Urban Resilience - From Mitigation to Adaptation
(for questions about the course, write to René)
As cities continue to grow, an increasing amount of people is exposed to various hazards related to the urban environment. ‘Urban resilience’ refers to the capacity of different stakeholders in a city, from the inhabitants of informal areas to the municipality’s policy makers, to respond to these hazards. In this course, students will develop an understanding of the possible impact of different hazards, from state violence to climate change, on cities. The various dimensions of the concept of resilience and the difference between adaptation and mitigation will be discussed extensively. Furthermore, this course will focus on possible strategies to improve urban resilience and on a wide range of issues and controversies that influence the design of these strategies. Students will develop a toolkit that enables them to identify an urban hazard, research its different dimensions and develop a strategy to improve urban resilience with regard to this specific hazard.
- Students are expected to select and summarise three (newspaper) articles on a specific type of urban hazard.
- Students are expected to produce a risk analysis and strategy paper consisting of the identification of a specific urban hazard in Cairo, an analysis of the risks involved and an outline of possible strategies responding to his hazard. (Ideas and drafts will be discussed in the second half of the course).
- Understand the various dimensions of the concept of resilience.
- Analyse how cities and urban life are threatened by different hazards.
- Learn how cities are classified by their most characteristic and threatening hazard.
- Examine how hazards can pose serious risks to people’s lives and livelihoods
- Discover how different stakeholders can use different strategies to respond to these hazards.
- Distinguish between adaptation and mitigation.
- Identify which new technologies can improve resilience.

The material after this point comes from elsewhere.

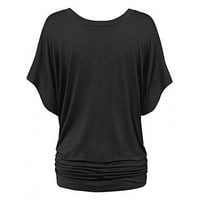 Ženski vrhovi Crew Crw COLOR Bluza Labavi žene Ljetne majice kratkih rukava Crna 3xl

- Be able to develop a strategy to improve urban resilience
René BOER holds a Master's degree in Urban Studies from University College London's Urban Laboratory. He works as an urban and architectural researcher in Cairo and is affiliated with the Amsterdam-based research foundation Failed Architecture; and various urban social movements. His work focuses on grass root urban practices, architecture's urban afterlife and artistic representations of the built environment. In the past, he has worked as a freelance journalist for a number of media outlets in Syria, Lebanon and the Palestinian Territories. He has also been associated with the urban research collectives Citymine(d) in Barcelona, ICAHD in Ramallah/Jerusalem and Archis/Volume in Amsterdam. René joins CILAS as visiting fellow in the fields of study Arts and Natural Sciences, and will coordinate the thematic courses Art and the City, and Urban Resilience.